2  Overview of host immunity during cryptococcosis
In this section we introduce the broad concepts of the immune response and pathogenesis of cryptococcosis before exploring each part in greater detail in the sections below. Pulmonary cryptococcal infection will occur only if fungal cells, environmentally acquired by inhalation, are deposited deep in the lungs. After deposition within the lung, alveolar macrophages (AMs), tissue resident macrophages that will remove microorganisms and other particulates, will be the first cells to encounter the cryptococci and will respond by internalising them through phagocytosis (Goldman et al., 2001). Following phagocytosis AMs will ideally kill the microorganisms and initiate and modulate the appropriate wider immune response. This will include the release of cytokines, activation and recruitment of other immune cells and presentation of antigen.

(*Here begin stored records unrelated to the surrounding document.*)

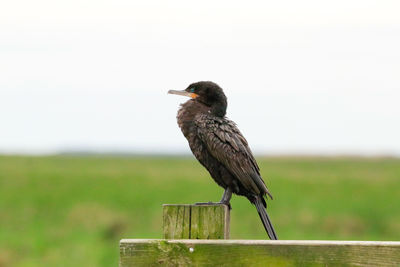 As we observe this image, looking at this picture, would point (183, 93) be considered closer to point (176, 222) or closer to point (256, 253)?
point (176, 222)

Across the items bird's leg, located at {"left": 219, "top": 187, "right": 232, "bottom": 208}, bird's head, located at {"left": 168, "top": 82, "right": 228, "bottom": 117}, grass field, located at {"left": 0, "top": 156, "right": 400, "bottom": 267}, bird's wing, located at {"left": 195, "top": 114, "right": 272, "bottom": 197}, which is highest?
bird's head, located at {"left": 168, "top": 82, "right": 228, "bottom": 117}

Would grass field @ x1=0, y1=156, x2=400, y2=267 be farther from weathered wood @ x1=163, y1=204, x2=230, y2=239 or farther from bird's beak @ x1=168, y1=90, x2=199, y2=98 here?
weathered wood @ x1=163, y1=204, x2=230, y2=239

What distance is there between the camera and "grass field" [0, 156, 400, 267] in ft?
49.6

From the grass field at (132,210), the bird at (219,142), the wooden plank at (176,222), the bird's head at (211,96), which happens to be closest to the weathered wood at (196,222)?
the wooden plank at (176,222)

Due to the resolving sub-clinical or mild nature of the infection in immunocompetent individuals there is limited data on the normal immune response to C. neoformans. Cryptococcal infections are occasionally identified due to medical examination for other symptoms or conditions. In these cases cryptococci are enclosed within granulomas (Haugen and Baker, 1954). Granulomas are a diverse group of immune structures, commonly recognised as macrophage like cell clusters surrounded by lymphocytes. Their primary function is to control and remove infections but are also seen in a number of immune diseases (Rose et al., 2014). Cryptococcal granulomas are compact, with macrophages, multinucleated giant cells (both containing intracellular yeasts) and CD4+ lymphocytes (Shibuya et al., 2005, 2002). These granulomas will typically resolve over a period of weeks or months without clinical intervention. Evidence of childhood infection (cryptococcal antibody profile increasing with age) suggests latent infection, or repeated infection (Goldman et al., 2001). In addition, decline of immune efficiency as a trigger for the reemergence of a dormant cryptococcal infection, potentially suggests that cryptococci are able to escape degradation and remain within an individual for long periods of time (Garcia-Hermoso et al., 1999).

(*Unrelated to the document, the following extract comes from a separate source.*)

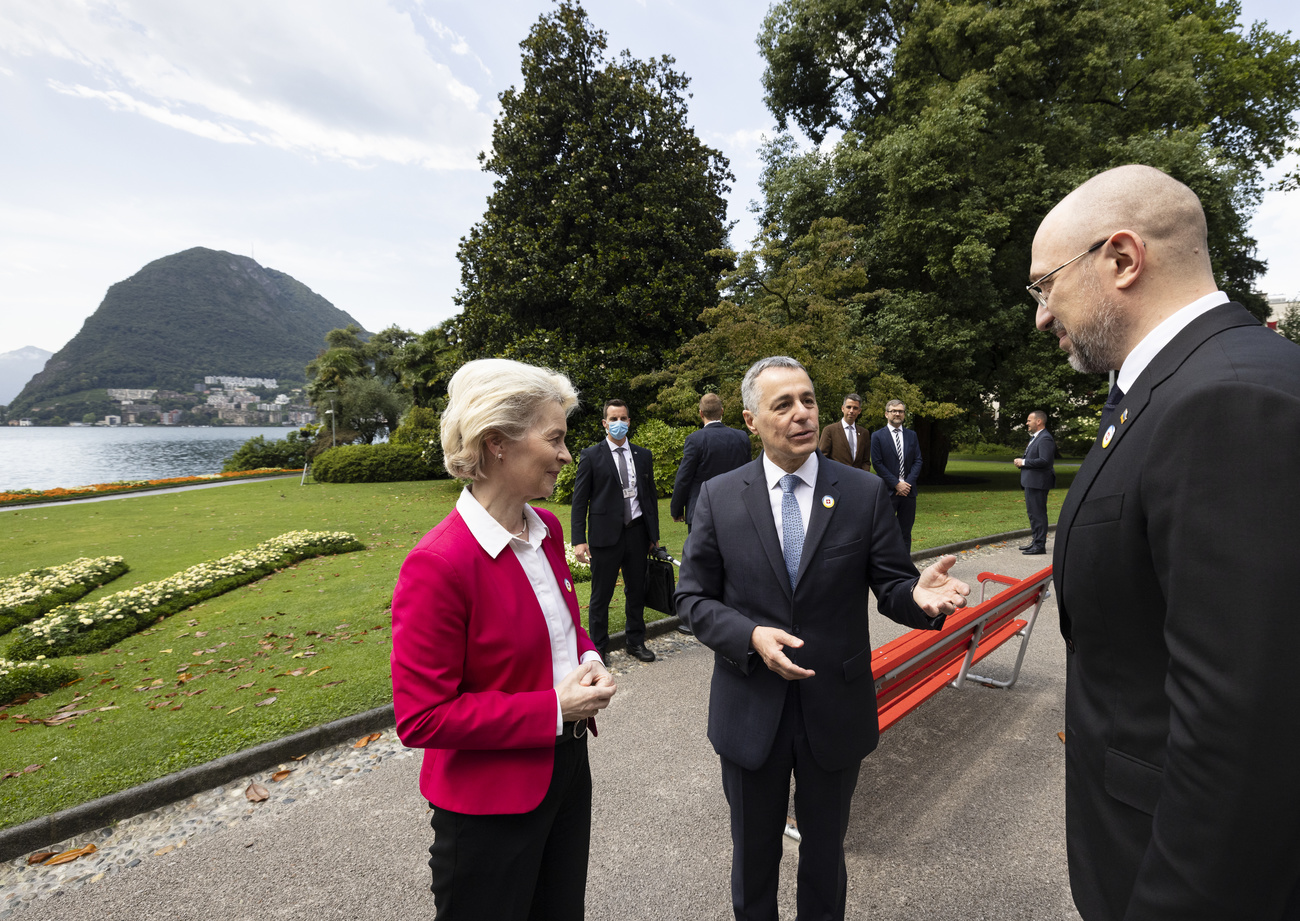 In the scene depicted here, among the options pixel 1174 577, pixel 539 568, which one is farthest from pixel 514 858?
pixel 1174 577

It is clear from both the clinic and experimental models of cryptococcosis that T cell responses are key to the control of cryptococcal infection. The major defect in the patient groups at risk of developing cryptococcal meningitis is in the CD4+ T helper system. Therefore, a very different response in the lung is seen in individuals with AIDS. Loosely aggregated giant cells are seen but cryptococci are typically extracellular and there is significant proliferation in the alveolar spaces (Shibuya et al., 2005, 2002). If cryptococcal infection is not controlled in the lungs then it will disseminate throughout the body, with particular preference for the central nervous system (CNS). Infection of the CNS results in life threatening meningitis and/or meningoencephalitis, with very high mortality without treatment (Bovers et al., 2008; Mitchell and Perfect, 1995). The route and mechanism of spread to the CNS has not been directly demonstrated, however, it is likely through the blood as the lymphatic system has no access to the brain (Liu et al., 2012; Iliff and Nedergaard, 2013).